*Work to complete*: Return exactly the lines of the entries that start at the line containing "HDB Apartment for Rent, 233" and continue to the last line. Omit the pictures.

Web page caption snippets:
⟨

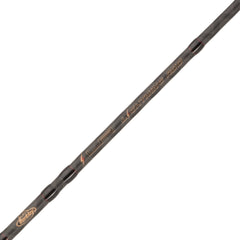 Berkley Lightning rod rubberized cork handle grip for comfortable reeling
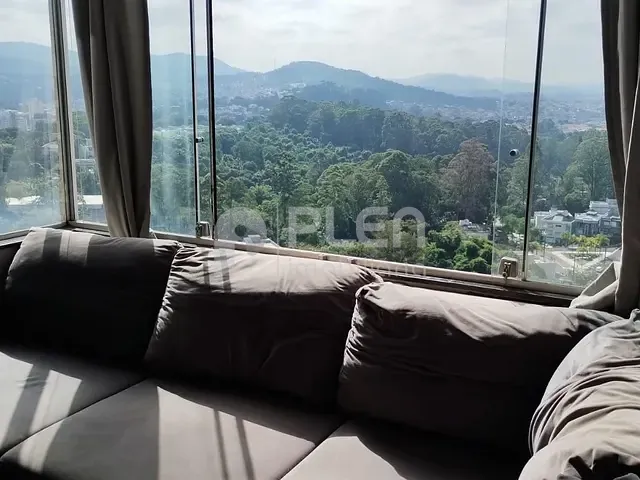 Cobertura / Penthouse com 182m² 4 quartos e 5 banheiros, à venda, no bairro Barro Branco (Zona Norte) em São Paulo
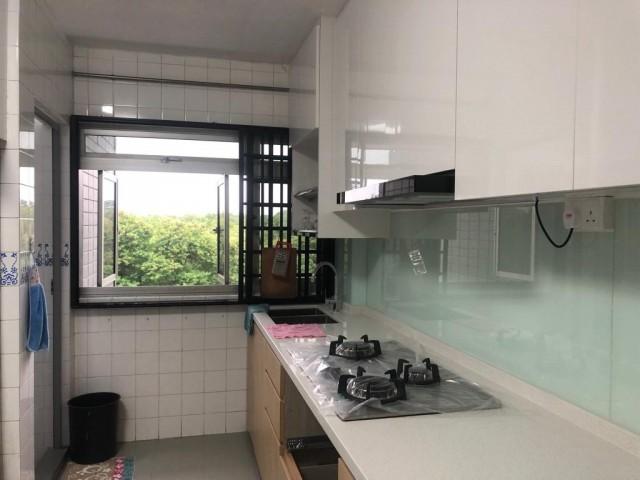 HDB Apartment for Rent, 233 Pasir Ris Drive 4 HDB Apartment For Rent, $4,300, 4 Bed 2 Bath 1,485 sqft $2.90 psf, SGD 4,300 | 99-year Leasehold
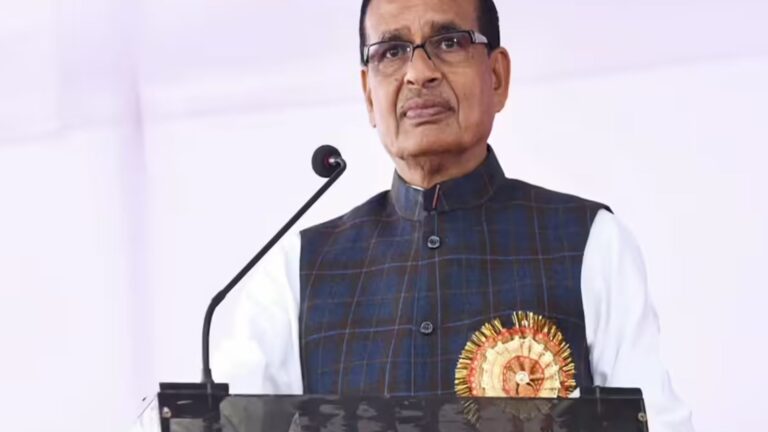 Shivraj Singh Chouhan Advocates “One Nation, One Agriculture” Approach, Calls for Unified National Farming Team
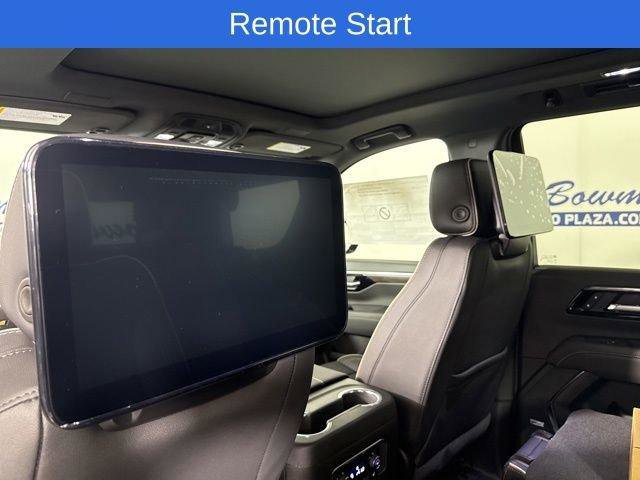 New 2026 Chevrolet Tahoe Premier image 19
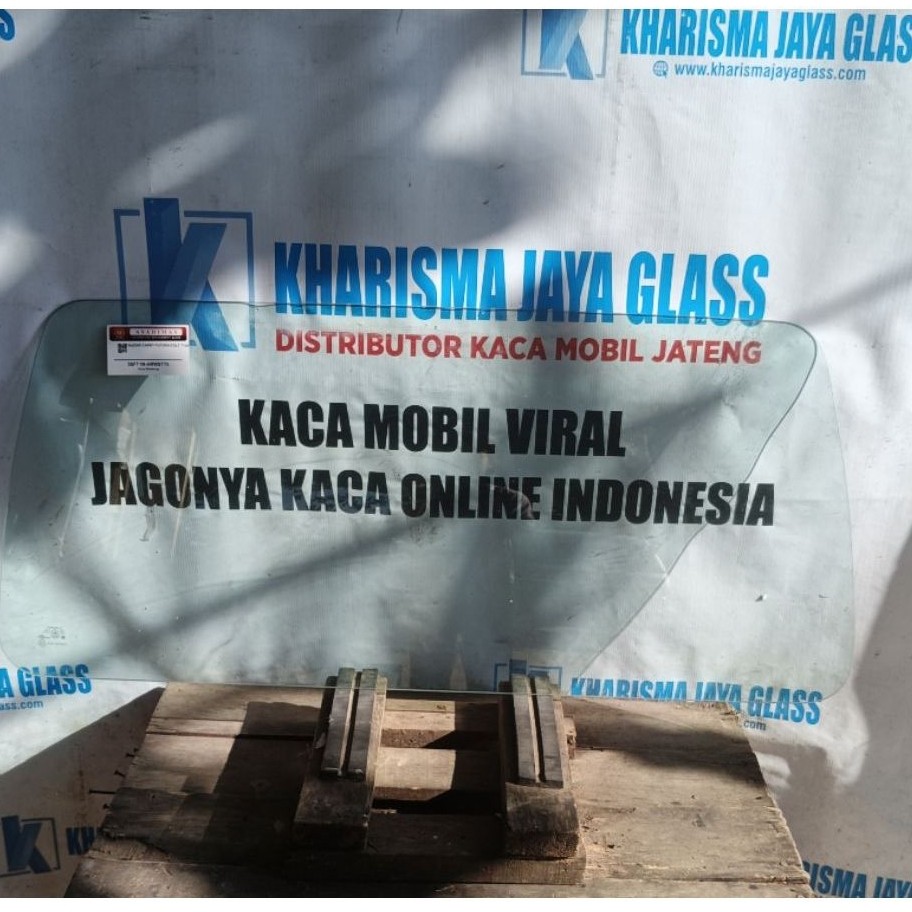 KACA BELAKANG CARRY FUTURA REALVAN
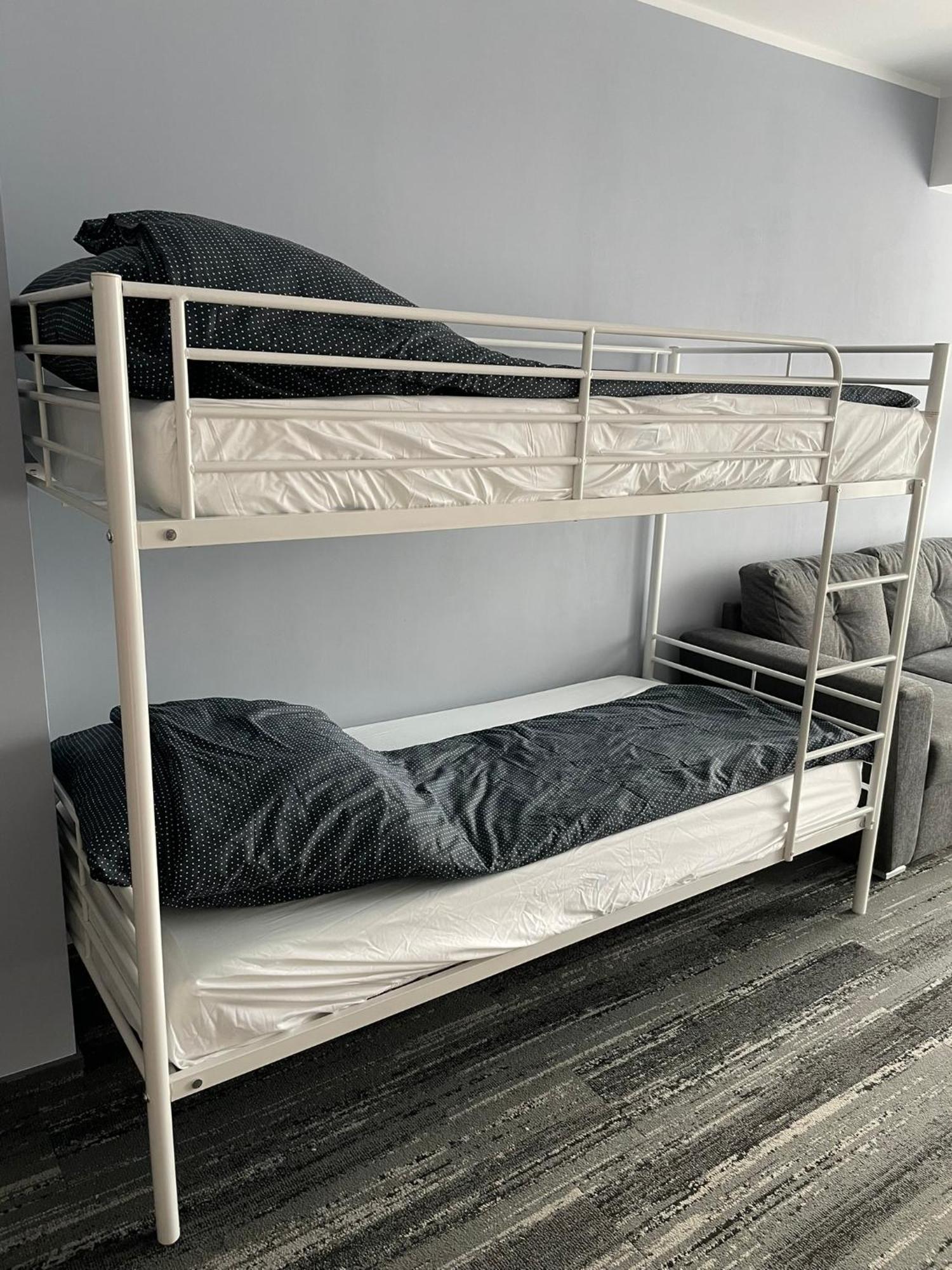 Apartament Planeta 209 Daire Mielno  Dış mekan fotoğraf
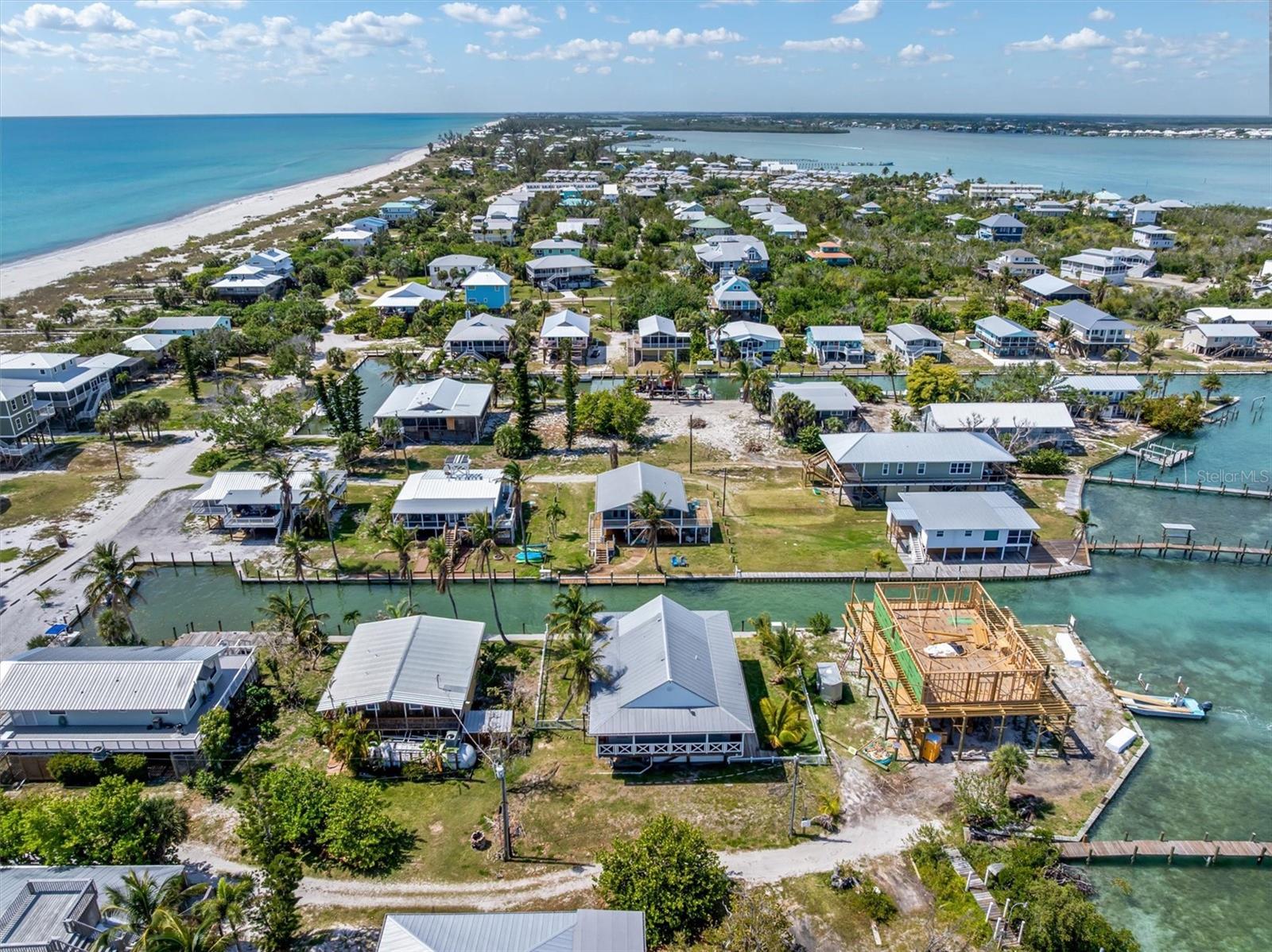 Image 3 of 58 For 9750 Little Gasparilla Island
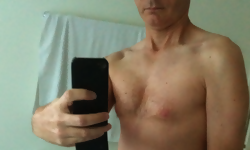Mirror Meat Vol. 203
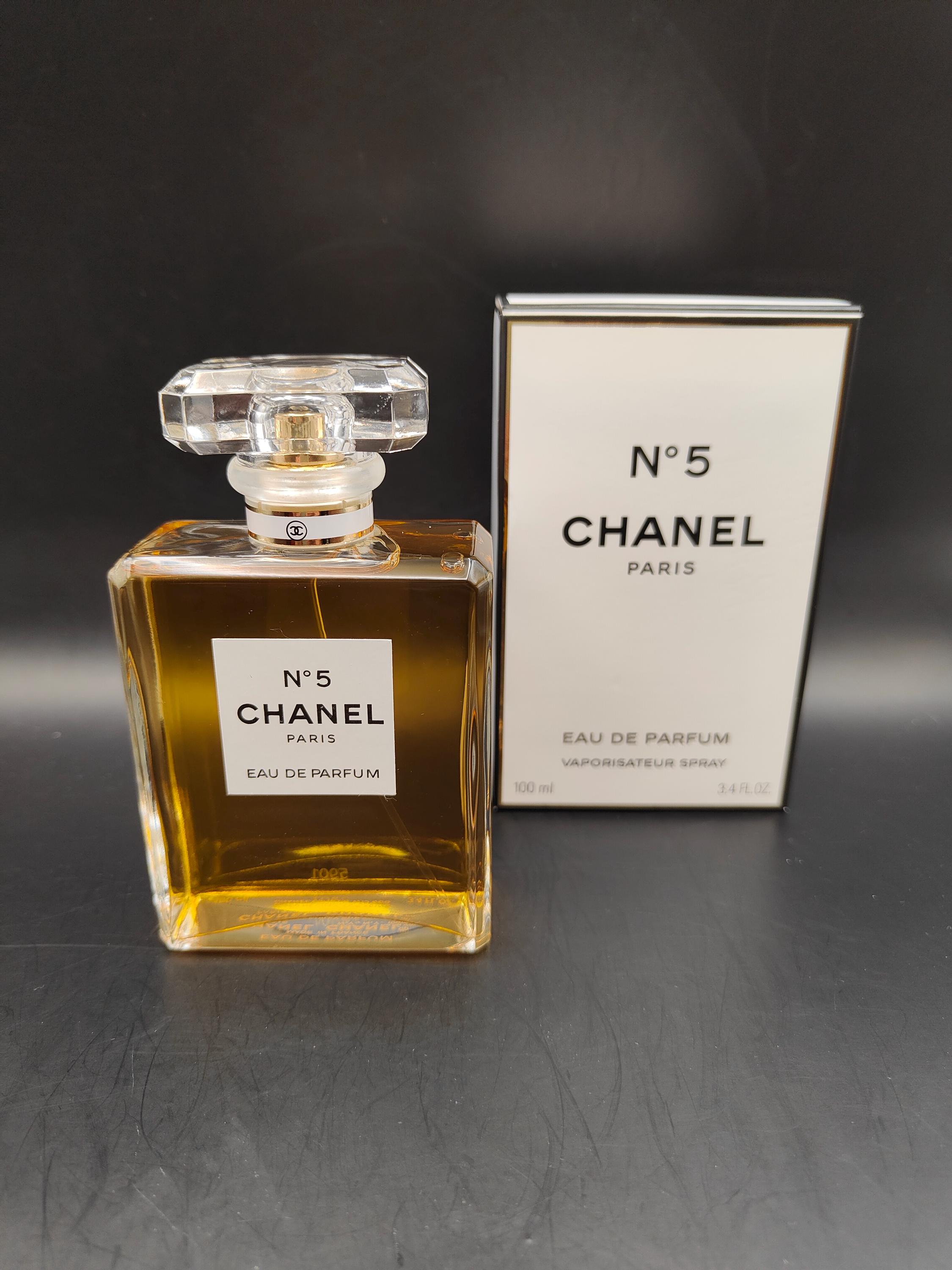 Vintage chanel no 5 - Etsy 日本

⟩

*Solution to this exercise*:
 HDB Apartment for Rent, 233 Pasir Ris Drive 4 HDB Apartment For Rent, $4,300, 4 Bed 2 Bath 1,485 sqft $2.90 psf, SGD 4,300 | 99-year Leasehold
 Shivraj Singh Chouhan Advocates “One Nation, One Agriculture” Approach, Calls for Unified National Farming Team
 New 2026 Chevrolet Tahoe Premier image 19
 KACA BELAKANG CARRY FUTURA REALVAN
 Apartament Planeta 209 Daire Mielno  Dış mekan fotoğraf
 Image 3 of 58 For 9750 Little Gasparilla Island
Mirror Meat Vol. 203
 Vintage chanel no 5 - Etsy 日本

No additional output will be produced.